# What to work on
The stretch wanted below opens at the line containing "HPE DL380 Gen11" and closes at the line containing "1962 Sears Fall Winter Catalog, Page 411". Please return it exactly, with no other lines.

# Input material
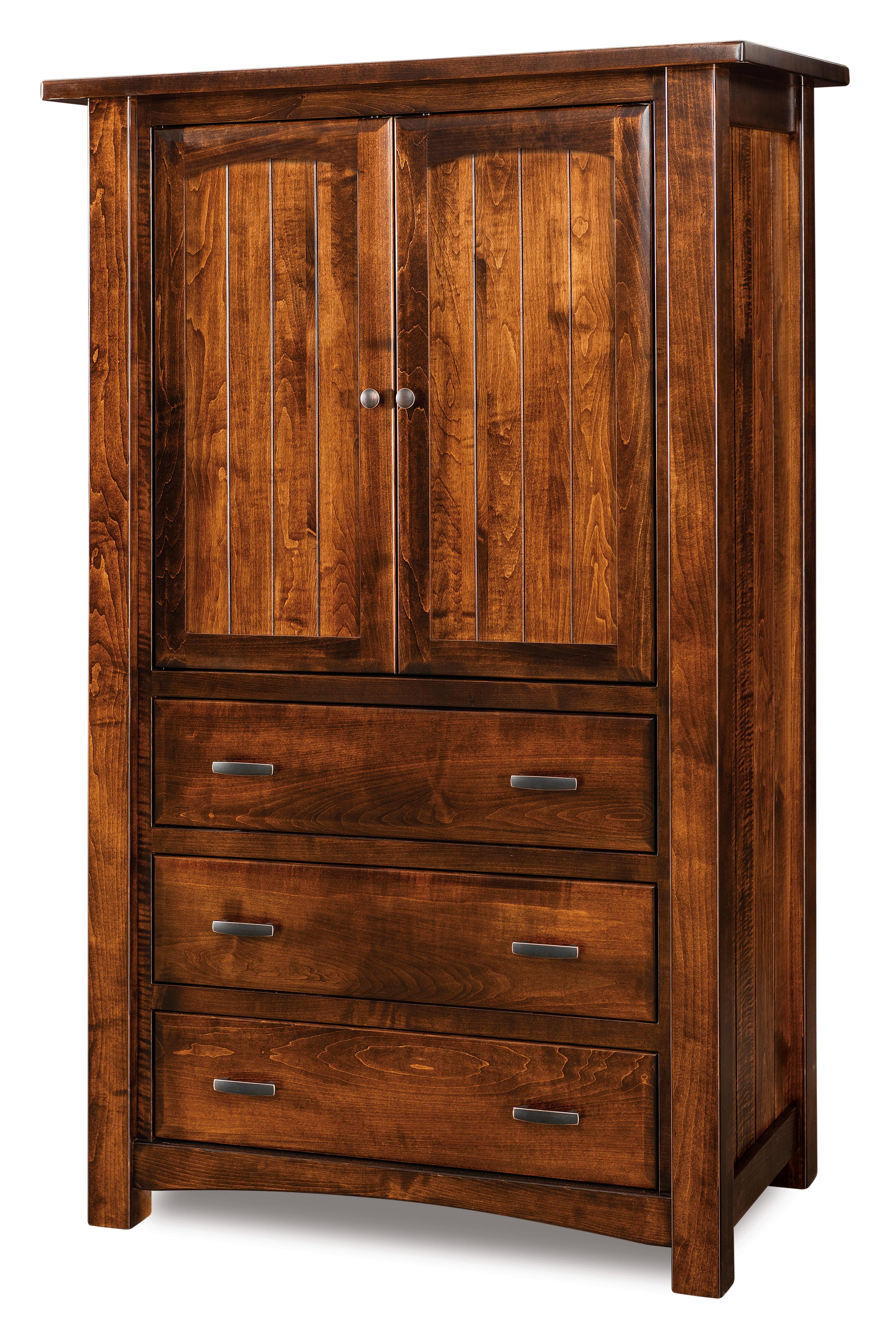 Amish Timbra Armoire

--

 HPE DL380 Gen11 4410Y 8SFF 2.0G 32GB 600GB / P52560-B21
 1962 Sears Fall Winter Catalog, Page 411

# Output of the exercise
 HPE DL380 Gen11 4410Y 8SFF 2.0G 32GB 600GB / P52560-B21
 1962 Sears Fall Winter Catalog, Page 411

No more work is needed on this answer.